PROBLEM
Without including any pictures, write out the listing below exactly.

DATA RECORDS
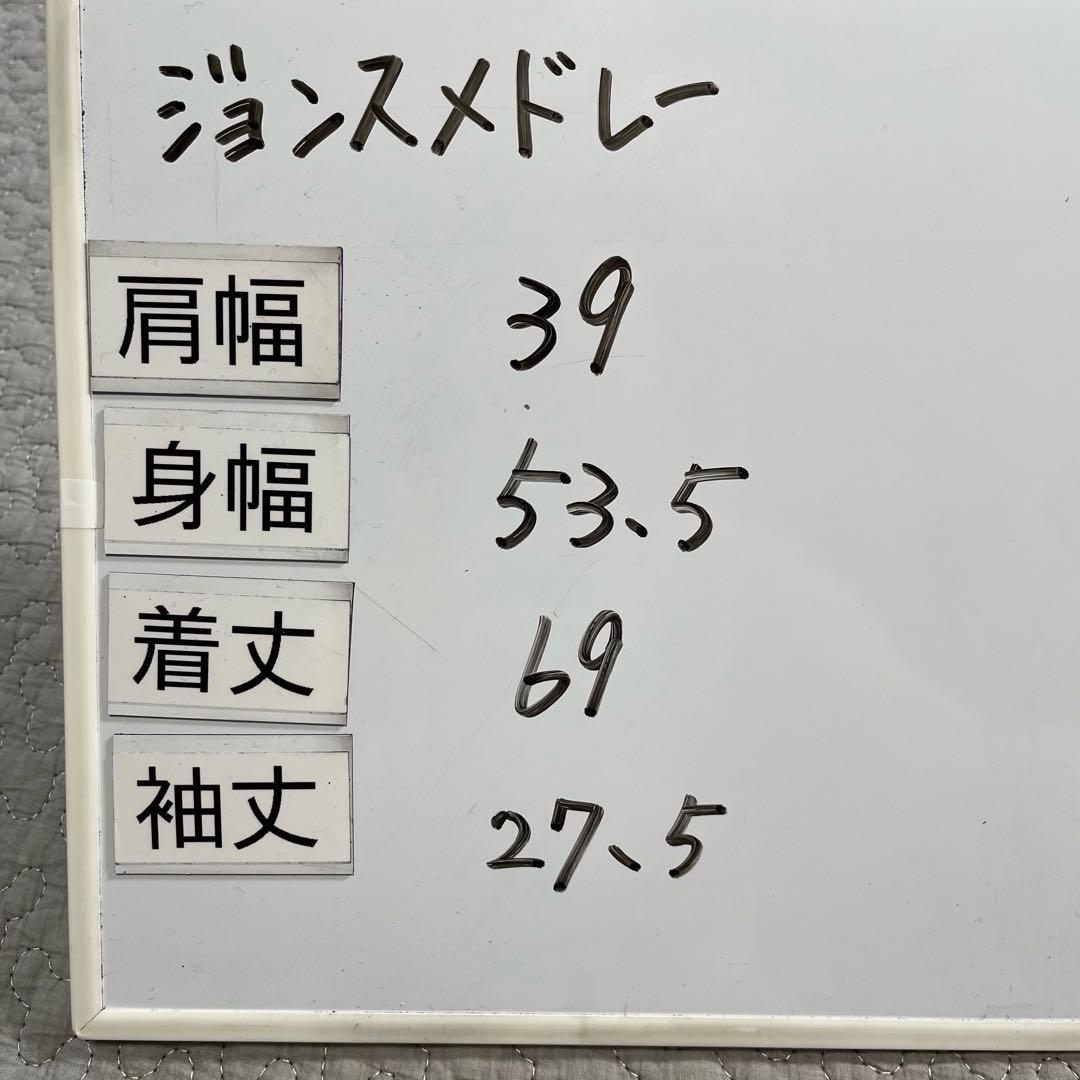 ジョンスメドレー　半袖ポロシャツ　グレー　L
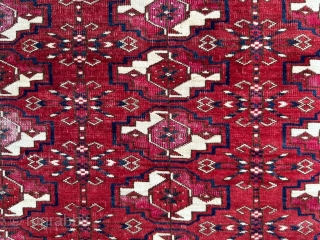 19th century Tekke chuval with lots of magenta silk. Corroded silk but overall great condition. 3'10" x 2'5" or 117 x 24cm. Contact me at: gerrerugs@gmail.com or Steven.malloch@gmail.com     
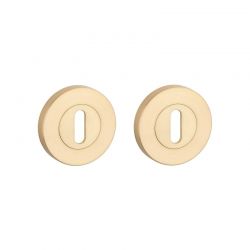 Paar sleutelrozetten OVAL PRO 8 mm 1710 mat goud Sterk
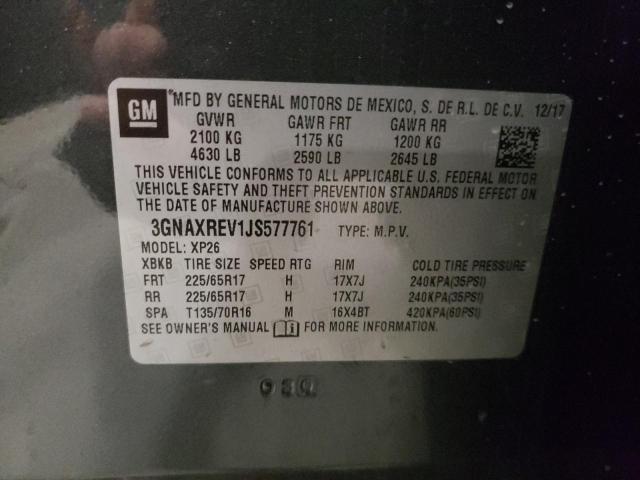 Photo 10 from auction – 2018 CHEVROLET EQUINOX LS with VIN 3GNAXREV1JS577761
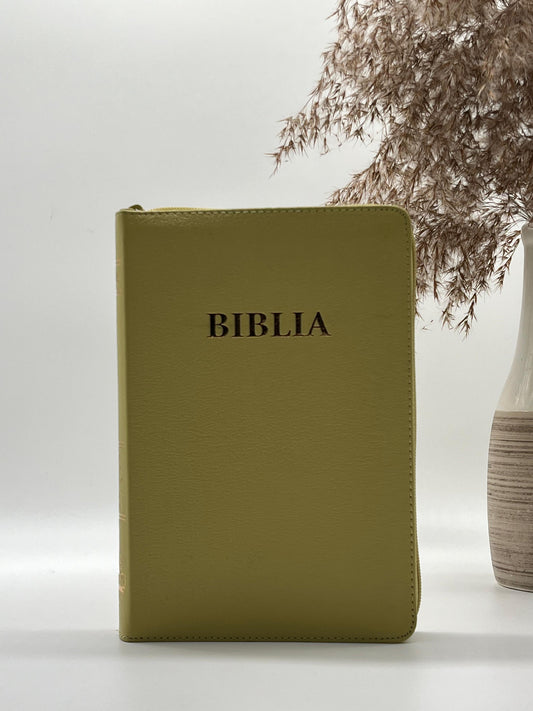 Biblia SBR 057 ZTI medie, galben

RESULT
 ジョンスメドレー　半袖ポロシャツ　グレー　L
 19th century Tekke chuval with lots of magenta silk. Corroded silk but overall great condition. 3'10" x 2'5" or 117 x 24cm. Contact me at: gerrerugs@gmail.com or Steven.malloch@gmail.com     
 Paar sleutelrozetten OVAL PRO 8 mm 1710 mat goud Sterk
 Photo 10 from auction – 2018 CHEVROLET EQUINOX LS with VIN 3GNAXREV1JS577761
 Biblia SBR 057 ZTI medie, galben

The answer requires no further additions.